Steganography is the practice of hiding information inside apparently normal content. In AI, it refers to a model encoding hidden signals in its generated text or chain-of-thought reasoning -- signals that look like normal language to a human reader but carry recoverable information for another system or model instance. Anthropic's Mythos System Card Section 4.5.4 documents that Claude Mythos can perform this encoding. The hidden information could include instructions, state markers, or coordination signals that are invisible to human monitors.

If the scratchpad is unreliable, why do safety researchers use chain-of-thought monitoring?

Chain-of-thought monitoring remains valuable as a partial signal. Most of the time, model reasoning is genuinely transparent, and monitoring catches a large class of concerning behaviors.
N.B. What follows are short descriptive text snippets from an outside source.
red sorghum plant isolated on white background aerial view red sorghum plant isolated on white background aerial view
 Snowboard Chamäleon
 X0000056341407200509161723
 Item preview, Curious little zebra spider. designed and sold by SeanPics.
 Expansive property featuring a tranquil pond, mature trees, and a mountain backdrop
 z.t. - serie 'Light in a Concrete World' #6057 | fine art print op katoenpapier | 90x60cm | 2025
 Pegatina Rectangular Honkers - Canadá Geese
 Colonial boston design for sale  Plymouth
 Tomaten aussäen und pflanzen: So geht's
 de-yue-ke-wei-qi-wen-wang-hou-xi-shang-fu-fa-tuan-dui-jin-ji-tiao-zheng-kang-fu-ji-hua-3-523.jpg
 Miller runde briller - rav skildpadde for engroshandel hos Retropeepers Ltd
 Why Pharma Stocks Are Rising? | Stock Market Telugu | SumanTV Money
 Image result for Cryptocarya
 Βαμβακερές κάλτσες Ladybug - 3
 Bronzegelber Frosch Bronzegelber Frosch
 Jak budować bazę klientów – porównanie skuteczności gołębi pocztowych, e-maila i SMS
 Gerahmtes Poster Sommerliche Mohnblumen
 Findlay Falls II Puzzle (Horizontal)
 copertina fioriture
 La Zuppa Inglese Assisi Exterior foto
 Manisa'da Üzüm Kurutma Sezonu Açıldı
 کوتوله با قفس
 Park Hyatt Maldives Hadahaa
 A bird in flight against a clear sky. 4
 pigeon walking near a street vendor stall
The steganography finding does not mean chain-of-thought is useless -- it means chain-of-thought is not sufficient as a sole safety mechanism. It is a detection tool, not a containment tool. CCF provides the containment layer: even if the chain-of-thought is opaque or misleading, the behavioral gate constrains output based on earned trust, not on reasoning transparency.

How does the Sinkhorn-Knopp projection actually work?

Sinkhorn-Knopp is an iterative algorithm that projects any non-negative matrix onto the space of doubly stochastic matrices (the Birkhoff polytope). It alternates between normalizing rows to sum to 1 and normalizing columns to sum to 1. After approximately 20 iterations, the matrix converges to a doubly stochastic form. In CCF, the coherence mixing matrix undergoes this projection after every update, guaranteeing trust conservation (no trust created from nothing), compositional closure (the product of two doubly stochastic matrices is doubly stochastic), and spectral norm ≤ 1 (signals never amplify through the matrix).

Could a future model with higher steganographic bandwidth defeat this containment?

Higher steganographic bandwidth means the model can encode more hidden information per message. But the containment does not depend on bandwidth. The behavioral gate is a scalar function of earned trust. Whether the model encodes 1 bit or 1 million bits internally, the gate opens to the same degree based on accumulated trust from external observations. The relevant bottleneck is not the hidden channel width but the behavioral output channel, which passes through the C_eff = min(C_inst, C_ctx) gate regardless of internal state. The containment degrades only if the model can influence its own trust state -- which write-path isolation (Claim 16) prevents architecturally.

Does CCF replace the need for Anthropic's safety research?

No. CCF and Anthropic's work address different layers of the safety stack. Anthropic's RLHF, constitutional AI, and evaluation frameworks shape the model's training and baseline behavior. CCF operates at the deployment layer, constraining behavioral output regardless of the model's internal state. The steganography finding shows why both layers are needed: training-time safety shapes intent, but deployment-time containment bounds behavior even when intent is unknown or adversarial. The two approaches are complementary, not competitive.